##### Data provided #####
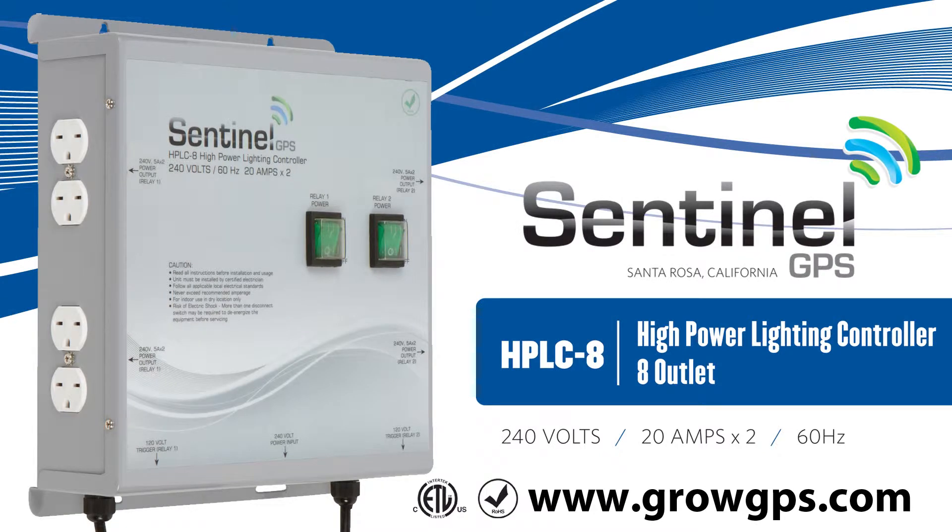Hello and welcome to the Sentinel Technical Channel. In today's edition we will be going over the HPLC8 High Power Lighting Controller 8 Outlet.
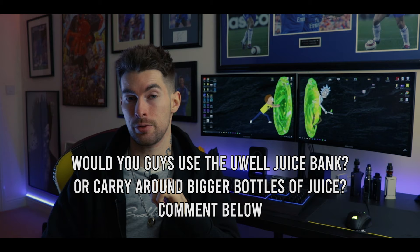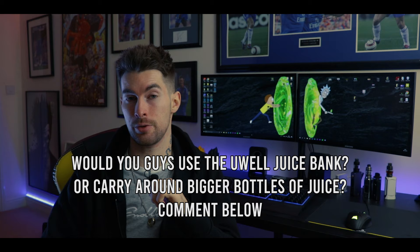Overall, UWorld have released a really good accessory — something that's good in size, a good shape, and something that's really easy to use. If you have bigger bottles of your favourite juice and you don't want to be carrying around 60 or 100ml bottles, then the Juice Bank is a really good option for you. The magnetic top cap is really strong and sturdy, the design is really sleek and it looks good. The overall build quality is what you would expect from UWorld, and best of all, it hasn't leaked on me yet. But what do you guys think — would you use the UWorld Juice Bank, or would you much rather just carry around bigger bottles of your favourite juice? Leave a comment down below. I love talking to you guys and hearing what you have to say.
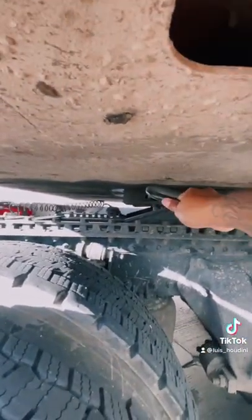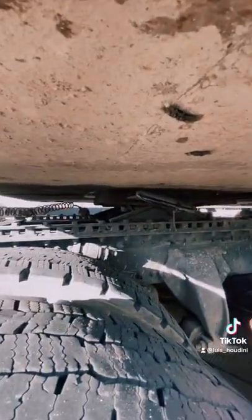When you pull in your fifth wheel handle, make sure you lift up a little, pull all the way out, and make sure you secure it — it's completely out.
#####
Task brief:
Every picture stays out; reproduce exactly the lines from the one with "Overall, UWorld have" through the last line of the data above.

Answer to the exercise:
Overall, UWorld have released a really good accessory — something that's good in size, a good shape, and something that's really easy to use. If you have bigger bottles of your favourite juice and you don't want to be carrying around 60 or 100ml bottles, then the Juice Bank is a really good option for you. The magnetic top cap is really strong and sturdy, the design is really sleek and it looks good. The overall build quality is what you would expect from UWorld, and best of all, it hasn't leaked on me yet. But what do you guys think — would you use the UWorld Juice Bank, or would you much rather just carry around bigger bottles of your favourite juice? Leave a comment down below. I love talking to you guys and hearing what you have to say.
When you pull in your fifth wheel handle, make sure you lift up a little, pull all the way out, and make sure you secure it — it's completely out.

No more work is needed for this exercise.